Back in May 2025, TikTok was on its second deadline extension after narrowly escaping a full US ban. It continued operating under the assumption that it would remain open for business, but there was still a question mark.

This year, circumstances are very different. As of January, the US app is under the purview of the newly formed TikTok USDS Joint Venture LLC, complete with a new CEO in TikTok alum Adam Presser.

When Presser joined Khartoon Weiss, TikTok’s VP of global business solutions, on stage at the Ziegfeld Ballroom last week, it had only been 60 days since the new joint venture was established. But members of TikTok’s product team told AdExchanger that the company’s newly announced features and ad formats were in development far longer than that.

“Like Khartoon said, this is the acceleration moment,” said Dina Liu, TikTok’s global head of brand product marketing. “From the product standpoint, if anything, it’s been, like, ‘Go, go, go!’”

Not ready for programmatic prime time?

The new logo takeover, for example, will allow brands to literally replace the TikTok logo with their own when users open the app. According to Keiko Mori, head of creative product marketing and ops for North America, this format was in consideration for several years and took over a year to develop before testing began in early 2026.

Much of that testing included making sure there would be no negative effect on brand perception among TikTok users, Mori said, both with regard to TikTok itself and its brand partners.

“We cannot just put any ad campaign there, because it’s the first perception that the user is going to have with our app,” she said. Put another way, the format is not available to buy on a programmatic basis.

And neither is Prime Time, another new format that delivers three different ads to users from a single brand within a 15-minute time window. The idea is that brands can use the format for sequential narrative storytelling during a period of high visibility, making the campaign stickier for users.

Unsurprisingly, the TikTok product team is hesitant to let brands reserve Prime Time spots without checking their ads first.

“The ads cannot be the same,” said Liu, citing concerns about overfrequency and repetitiveness. “There is a higher expectation of quality, and the creative should be rendered differently each time.”

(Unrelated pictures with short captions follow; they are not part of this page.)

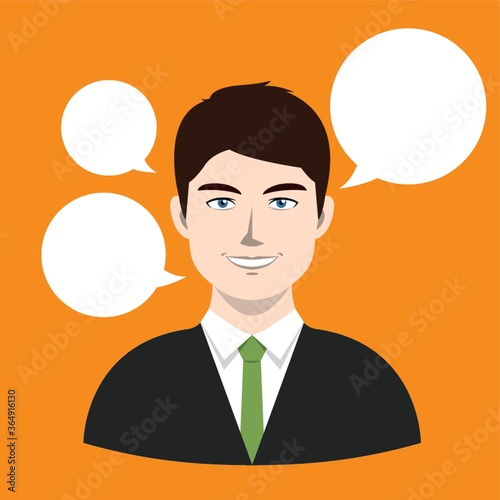 businessman with speech bubbles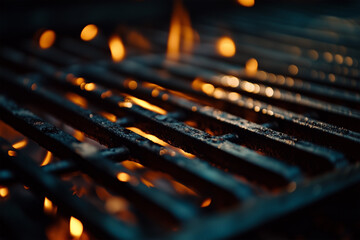 Portable BBQ Grill with Flames and Glowing Charcoal Embers on a Black Background – Perfect for Cooking and Grilling Concepts
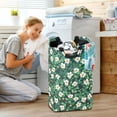 thumbnail image 5 of Yayeee Freestanding Laundry Hamper with Handle Collapsible Large Storage Basket for Clothes, Small White Flowers, 5 of 7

The importance of keeping everybody happy

The last announcement TikTok made during NewFronts isn’t an ad format but, rather, a series of updates to its Pulse suite, which was launched in 2022 and runs ads against the top 4% of videos on the platform. The new tools, Pulse Mentions and Pulse Tastemakers, allow advertisers to align with more immediate trending topics and certain eligible creators.

The focus on contextual tools is intentional, said Liu.

Instead of targeting very specific audiences, brands can tap into the Pulse suite to buy based on content categories, which is a way of “doing contextual adjacency without it feeling creepy,” she said. It’s a smart strategy, particularly given recent concerns over the TikTok US Joint Venture’s recently updated privacy policy, which now collects information about a user’s precise locations and expands the company’s off-platform ad network further.

The product team designs tools not just for advertisers, Mori said, but with users and creators in mind.

As Liu put it: “Forget the ads, right? Forget just the monetization component. If we can’t keep the user experience healthy, then nothing else matters.”